Indeed. The whole of modern graphics API architecture hinges on the idea that each of your million or so pixels is a meaningful unit of work that can be done in parallel.
That is certainly not universally true for every scenario and if you need to sync state between cpu cores very often then your tasks simply don't lend themselves to parallelization. That doesn't mean that multi-threading is inheritely the wrong design choice. Of course it will always be a trade-off between performance gains and the code complexity of your job control.
Well that's... just wrong.
It is true that you can only squeeze 100% of the maximum possible useful compute out of a NUMA system with methods like the article author was suggesting.
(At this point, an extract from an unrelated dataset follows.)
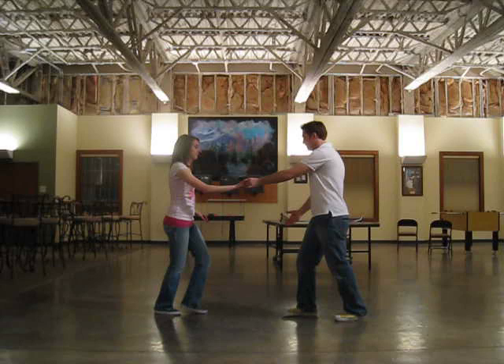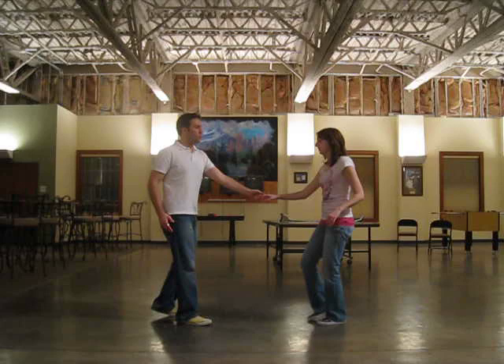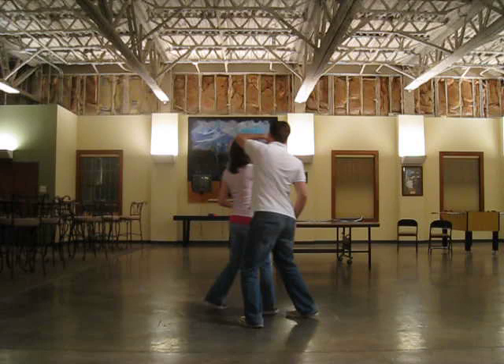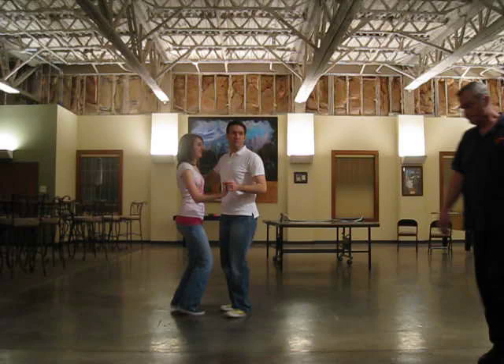Week two, we covered an underarm turn — an inside underarm turn for the girls. We rock step, dropping this hand and move, triple step, triple step, rock step, triple, triple step, rock step, triple step, triple step, triple step, rock step, triple step, pivot, triple step, rock step.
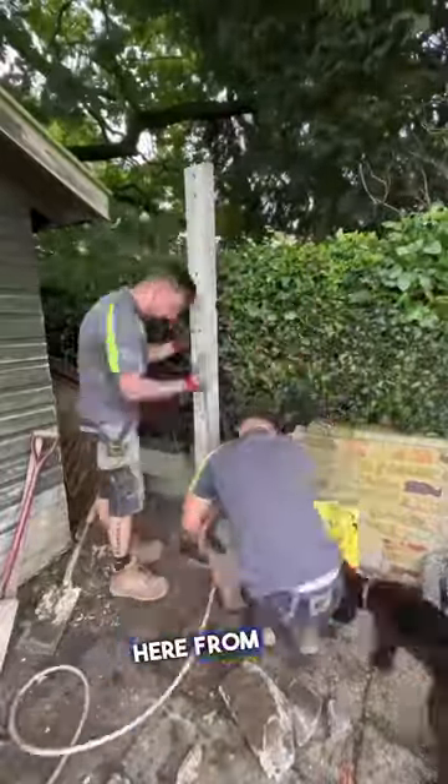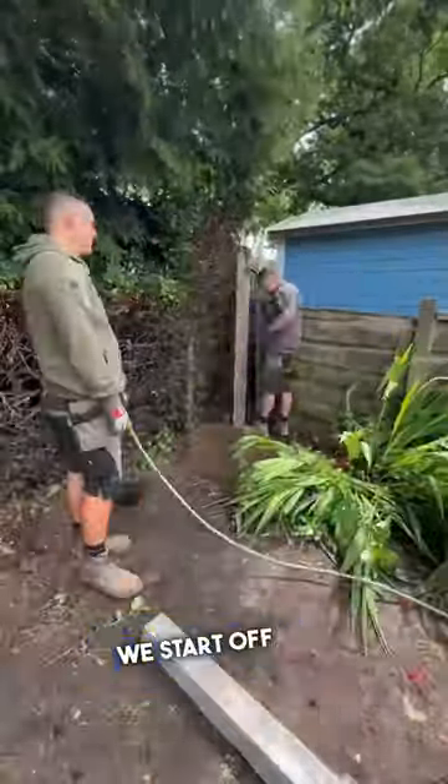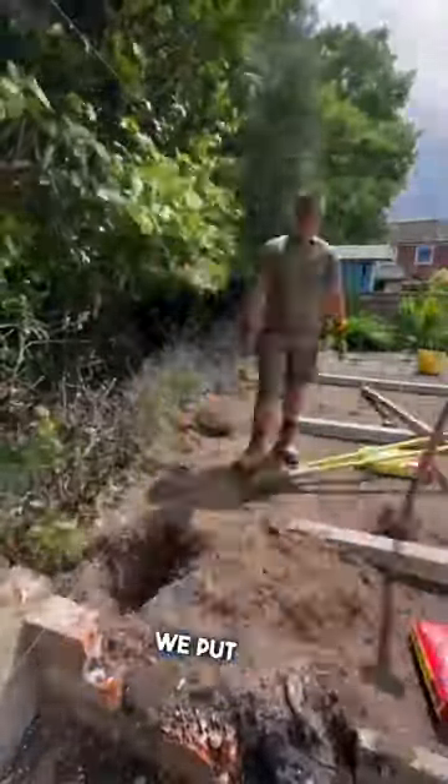Hey, how are we all doing? Mark here from Lawn Stripes and Hedges, and this is how we build Venetian style fencing. We start off by putting our concrete posts in — these are eight foot and we put two foot in the ground.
The less coordination there is between cores, the less cross-core or cross-socket communication is needed, all of which is overhead.
Caveat: If a bunch of independent processes are processing independent data, they'll increase cache thrashing at L2 and higher levels. Synchronised threads running the same code more-or-less in lockstep over the same areas of the data can benefit from sharing that independent processes can't. In some scenarios, this can be a huge speedup -- just ask a GPU programmer!
Where the process-per-core argument definitely stops being a good approach is when you start to consider latency.
Literally just this week, I need to help someone working on a Node.js app that needs to pre-cache a bunch of very expensive computations (map tiles over data changing on an interval).
Because this is CPU-heavy and Node.js is single-threaded, it kills the user experience while it is running. Interactive responses get interleaved with batch actions, and users complain.
This is not a problem with ASP.NET where this kind of work can simply run in a background thread and populate the cache without interfering with user queries!
For similar reasons, Redis replacements that use multi-threading have far lower tail latencies: https://microsoft.github.io/garnet/
I would say if you simplify this much it becomes just plain wrong.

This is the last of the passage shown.